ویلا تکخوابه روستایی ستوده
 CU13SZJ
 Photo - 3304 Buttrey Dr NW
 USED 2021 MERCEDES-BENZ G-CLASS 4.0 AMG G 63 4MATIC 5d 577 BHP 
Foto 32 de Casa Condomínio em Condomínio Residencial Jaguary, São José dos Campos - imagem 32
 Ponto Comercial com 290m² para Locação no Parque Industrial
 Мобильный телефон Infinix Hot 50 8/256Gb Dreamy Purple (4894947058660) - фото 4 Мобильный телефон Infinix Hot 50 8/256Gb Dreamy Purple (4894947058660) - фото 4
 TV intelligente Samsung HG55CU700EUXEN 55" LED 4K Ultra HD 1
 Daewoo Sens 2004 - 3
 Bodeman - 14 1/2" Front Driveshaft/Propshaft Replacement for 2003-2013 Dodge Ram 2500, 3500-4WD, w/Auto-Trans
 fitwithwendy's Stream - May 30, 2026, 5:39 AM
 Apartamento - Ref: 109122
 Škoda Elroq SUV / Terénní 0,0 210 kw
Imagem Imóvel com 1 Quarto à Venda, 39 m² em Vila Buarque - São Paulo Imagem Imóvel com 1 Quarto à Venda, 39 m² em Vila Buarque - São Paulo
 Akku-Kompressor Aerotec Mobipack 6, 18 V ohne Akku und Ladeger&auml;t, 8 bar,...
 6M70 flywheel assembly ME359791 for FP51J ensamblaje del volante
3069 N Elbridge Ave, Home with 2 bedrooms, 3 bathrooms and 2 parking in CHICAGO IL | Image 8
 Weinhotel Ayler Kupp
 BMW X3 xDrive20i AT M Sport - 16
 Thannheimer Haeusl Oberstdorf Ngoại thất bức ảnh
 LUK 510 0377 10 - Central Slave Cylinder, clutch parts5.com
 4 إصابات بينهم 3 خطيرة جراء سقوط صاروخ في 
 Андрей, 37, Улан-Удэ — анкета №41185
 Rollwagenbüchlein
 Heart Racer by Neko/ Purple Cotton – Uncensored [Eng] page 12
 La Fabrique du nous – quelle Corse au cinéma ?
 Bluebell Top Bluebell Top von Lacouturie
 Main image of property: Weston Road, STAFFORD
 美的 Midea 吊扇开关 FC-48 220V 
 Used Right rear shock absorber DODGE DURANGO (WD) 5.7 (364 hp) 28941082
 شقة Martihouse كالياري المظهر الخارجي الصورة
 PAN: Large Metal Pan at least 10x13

> **Work required**: Search the entries above for the string "Purple", and report each line where it occurs.

> **Written answer**:
 Мобильный телефон Infinix Hot 50 8/256Gb Dreamy Purple (4894947058660) - фото 4 Мобильный телефон Infinix Hot 50 8/256Gb Dreamy Purple (4894947058660) - фото 4
 Heart Racer by Neko/ Purple Cotton – Uncensored [Eng] page 12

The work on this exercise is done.